Marcella, 165A Deptford High St, London SE8 3NU
Deptford continues to fascinate me and the deft brilliance of Marcella is no exception
Paint-splattered on the outside (non-commissioned) and angelic white within, the walls of Deptford’s Marcella are painted with images of pasta and booze. They play off the slick contemporary aesthetic of oxidised copper plates, stripped wood floors and wine glasses twinkling overhead at the bar.
Not all set menus are created equal. Whereas some play nothing but the hits for a bargain, many feel like a bit of a cop-out; a smothering of freedom, the bumpers on a bowling alley that guide you to someone else’s idea of a strike via spreadsheet. Marcella is doing one for their lunch service and I’ve been meaning to get there for ages, so beggars will not be choosers. As it turns out, I should shut my mouth altogether because we order everything. Healthy slices of rye sourdough soon arrive, the edge of the plate trowelled with light, creamy butter and a crust that is a satisfying 60:40 chew-to-crunch ratio.
Ultimately, my motive for visiting is veiled as thinly as the slices of rosy pork loin in their tonnato. The sauce is light but still robust in brine and acidity, finished with globules of good olive oil and poddy little capers. I park some to the side and ask for a little more bread with the next dish in mind.
Uncut gems of Vesuvio tomato and curls of redolent Breme onion reside under a shingle of pangrattato, inter-splodged with ricotta and dressed with parsley leaf and oil. Loading my extra slice of buttered bread with a little of this salad and my banked tonnato, I make the finest mini sandwich of arguably biblical proportions. I saw everything that I had made, and it was very good. Genesis 1:31a
The paccheri (or “slaps” in Italian) does precisely that. Ribbed for our pleasure and of course gratifyingly al dente, it offers an ideal surface area for the cucunciata sauce. Sticky with reduced tomato and starch water, it binds the black olives, capers, anchovies and the vinyl skins of aubergine without struggle. Despite the salty elements, it’s all in key- even when topped off with parmesan.

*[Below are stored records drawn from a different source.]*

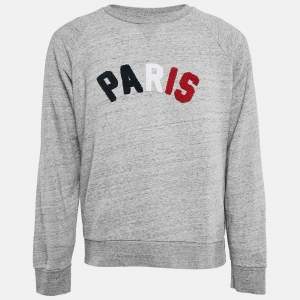 Sandro Grey Mélange Cotton Tufted Sweatshirt L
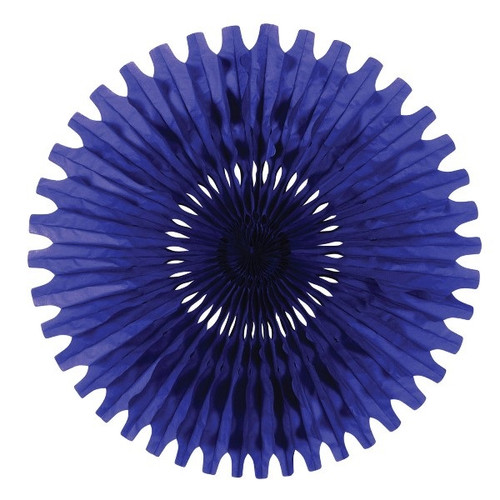 Club Pack of 12 Blue Tissue Fan Hanging Decorations 25" - IMAGE 1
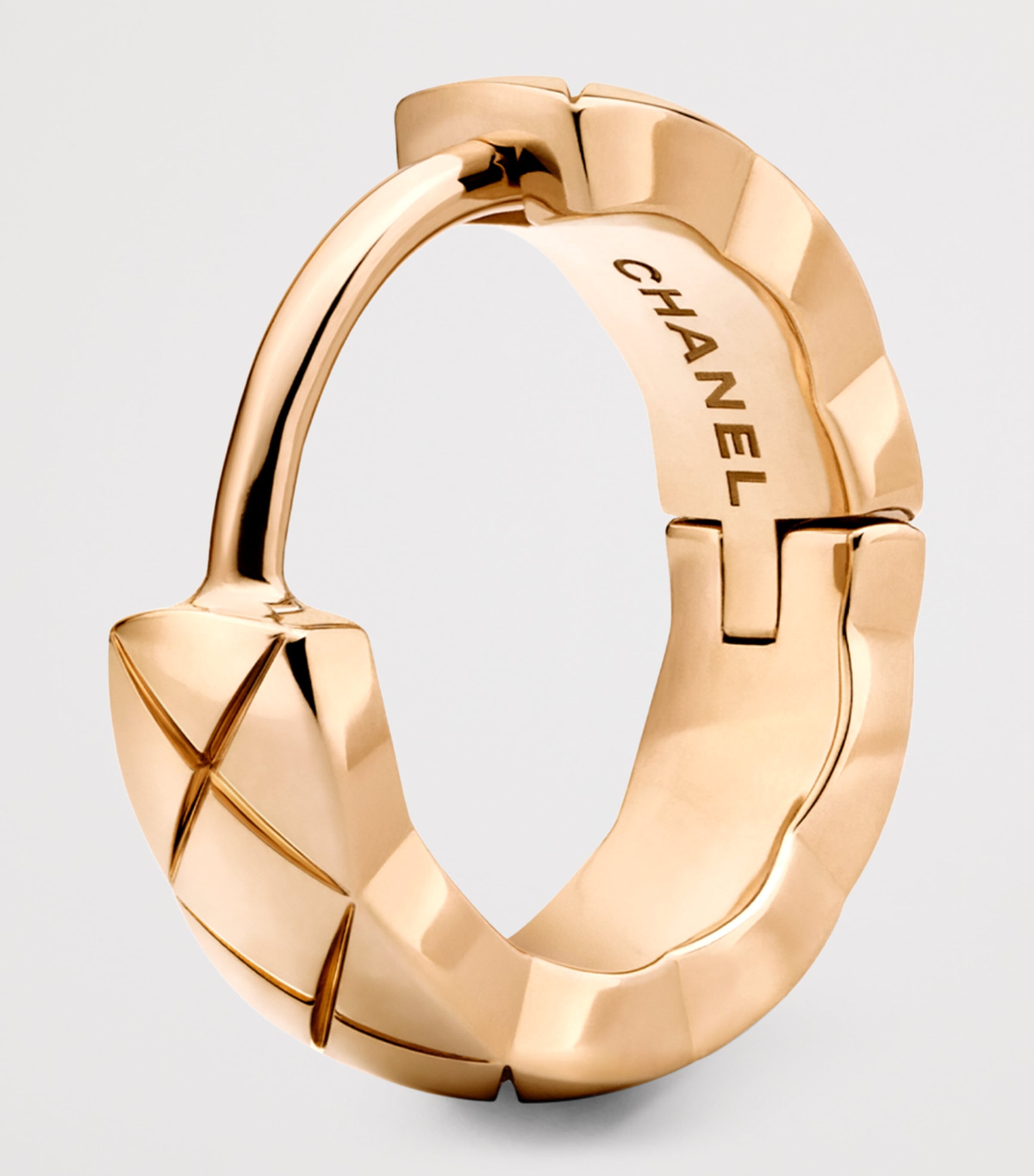 Mini Beige Gold Coco Crush Single Hoop Earring BEIGE Image 3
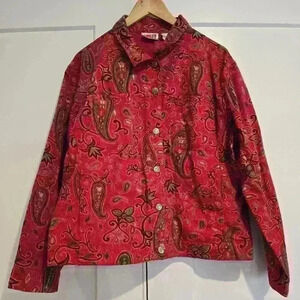Vintage Chicos Paisley Patterned Lightweight Jacket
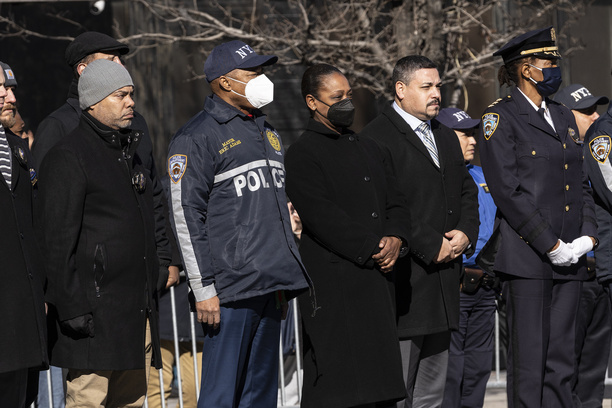 Mayor Eric Adams and Police Commissioner Keechant Sewell joined police officers to pay tribute to fallen officer Wilbert Mora during transfer of his remains to Riverdale Funeral Home. Officer Mora was critically injured, and died of his injuries on January 25, after responding to a domestic violence call on January 21 with his partners, where one of them, Jason Rivera was shot and killed. Perpetrator was also injured in the shootout and died as well later on at the hospital.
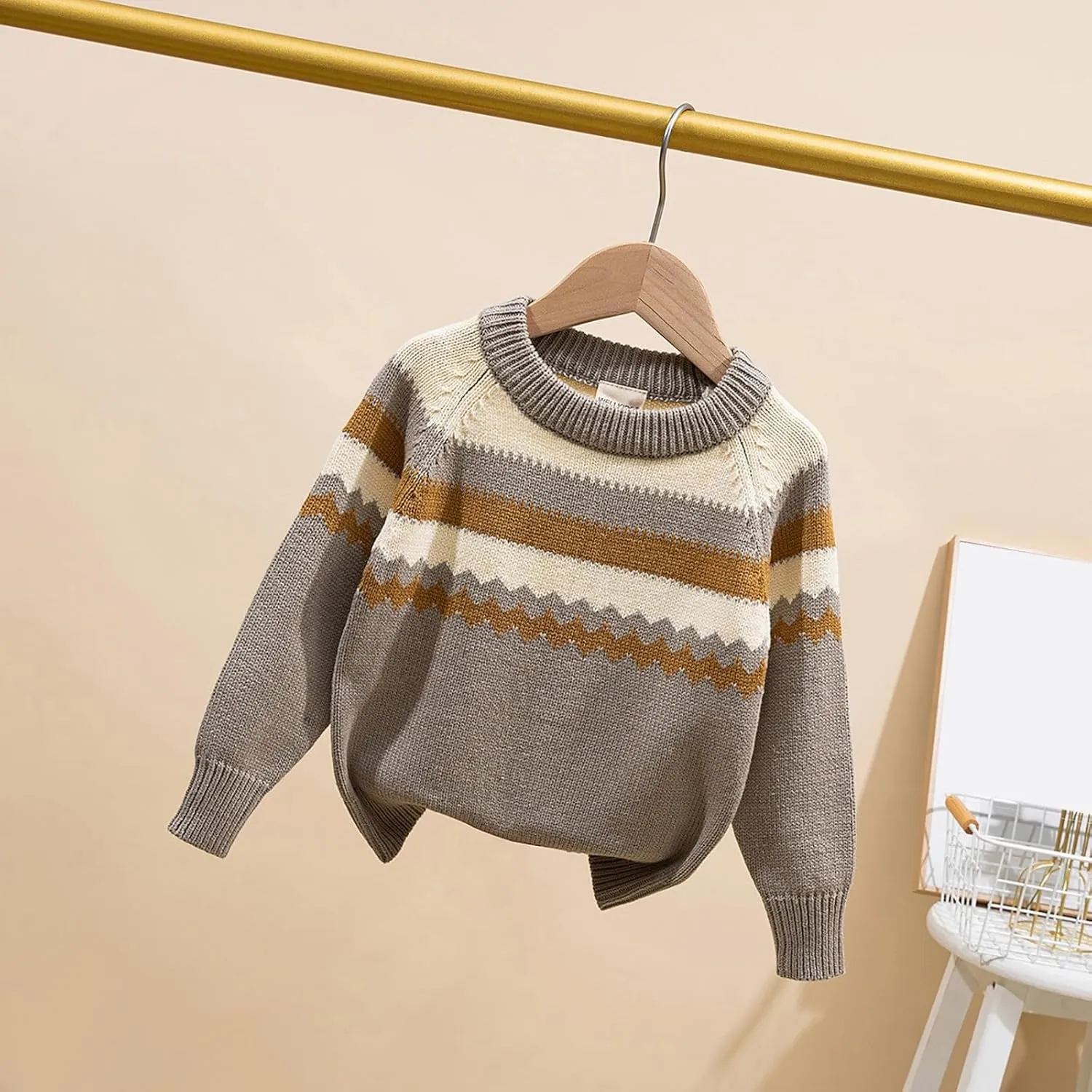 Flce Sweater Kids Toddler Girls and Boys Long Sleeve Crew Neck Stripe Knit Pullover Sweater Winter Clothes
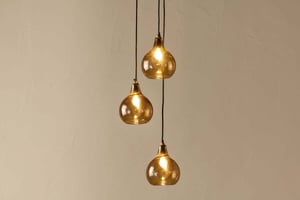 nkuku Ziva Recycled Glass Cluster Pendant | Lights | One Size | Tonal Red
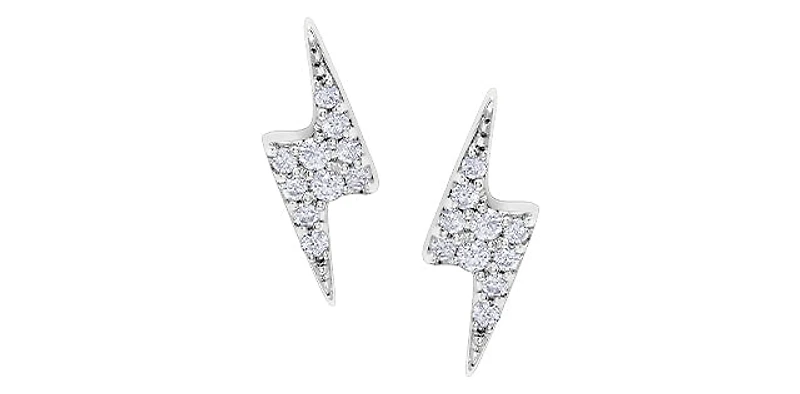 10K Gold 0.07cttw Round Brilliant Cut Lightning Bolt Diamond Earrings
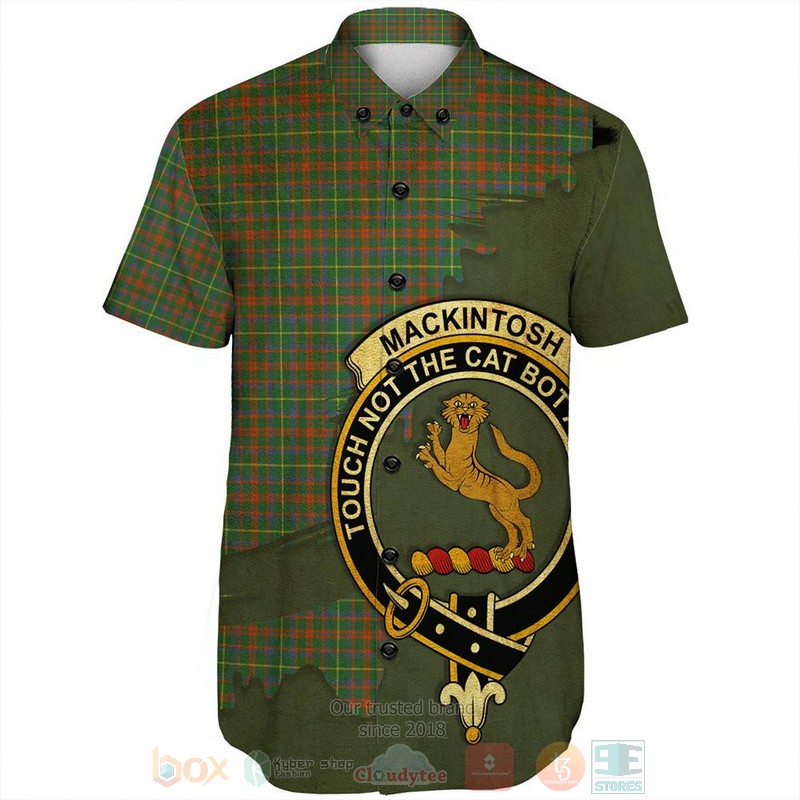 MacKintosh_Hunting_Modern_Tartan_Crest_Custom_Name_Short_Sleeve_Hawaiian_Shirt_1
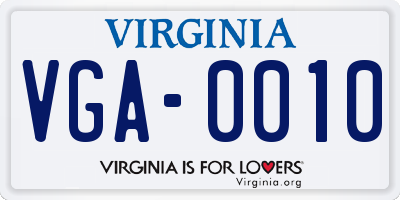 VA license plate VGA0010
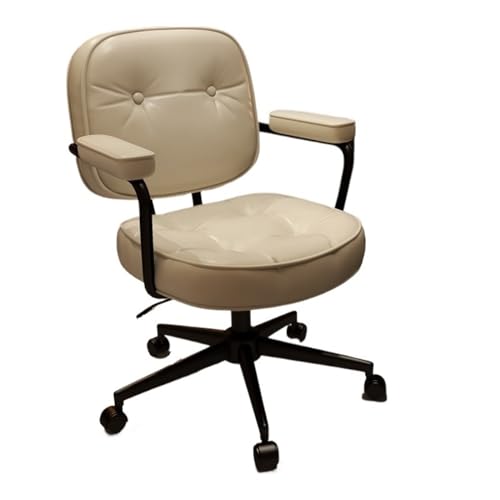 Schreibtischstuhl Bürostuhl Bequemer PU-Leder für zu Hause Zentraler Bürostuhl für die Rückseite des Schlafzimmers Schminkstuhl Hebe- und Drehstuhl Bürostuhl (Weiß) von ruyi-1986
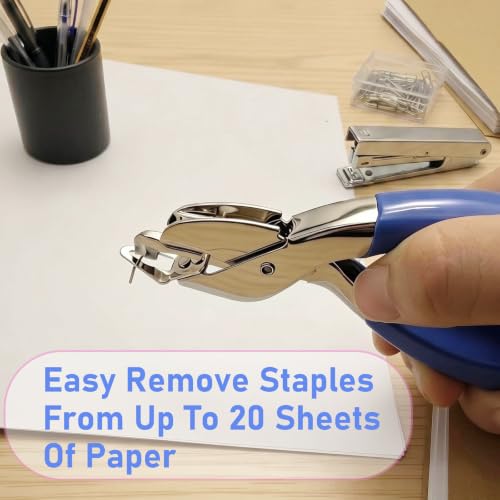 TDYBASE 2-Pack Staple Remover, Ergonomic Blue - Quick & Easy Paper Quicker, Office/School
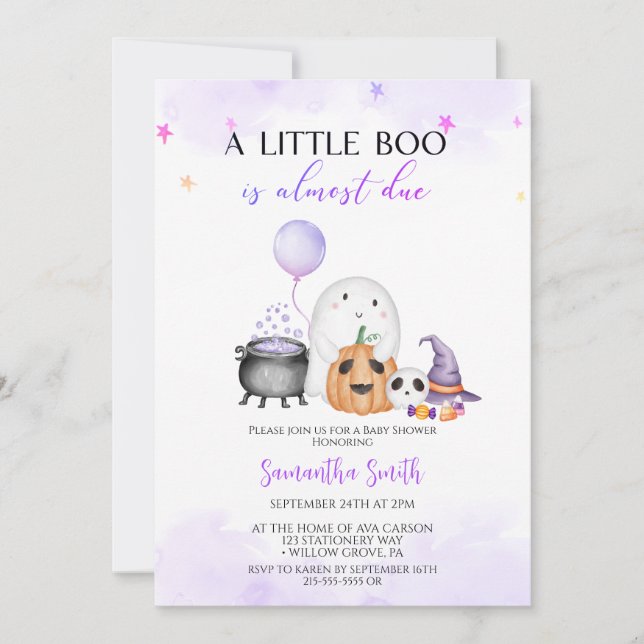 Invitation Un petit Baby shower d'Halloween fille Boo (Devant)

The pork and beef meatballs are something to behold and a bit of a curveball for a 33°C day, but thank Sagan there’s air conditioning here. Coarse and ever so slightly loose, these burly boys are well caramelised, beautifully seasoned and sparkling with juices inside. A clutch of new potatoes pop from their burnished skins with ease and sweetly dressed endives are piled beside, pert and bitter.
The chocolate mousse is a quenelle resembling a little league American football- liberally showered with a scree of roasted hazelnuts. Lightly aerated and seductively smooth, it has you diving back for more. I keep shaving slivers off toward the absolute mid-point as I wish to share only what I must.
Finishing on the lemon sorbet, it’s the same consistency that I try and bring about in my Calypso ice lolly- slushy enough to drink without becoming total liquid. I love it. The base syrup lets the lemon zip before dying down into zesty bitterness, keeping you on this treadmill of rinse and repeat. Brain-freeze be damned.
Perhaps the most impressive thing is that there’s just a chef and KP for the entire four hours of service and they are making it seem effortless. Yes, it’s a demonstration of preparatory power but with a full floor, dishes are leaving the kitchen with total symmetry to tables bustling with satisfied expressions. With my prejudices suitably schooled, surely things can only improve with a full menu to pore over? I suppose I’ll have to go back. Woe is me.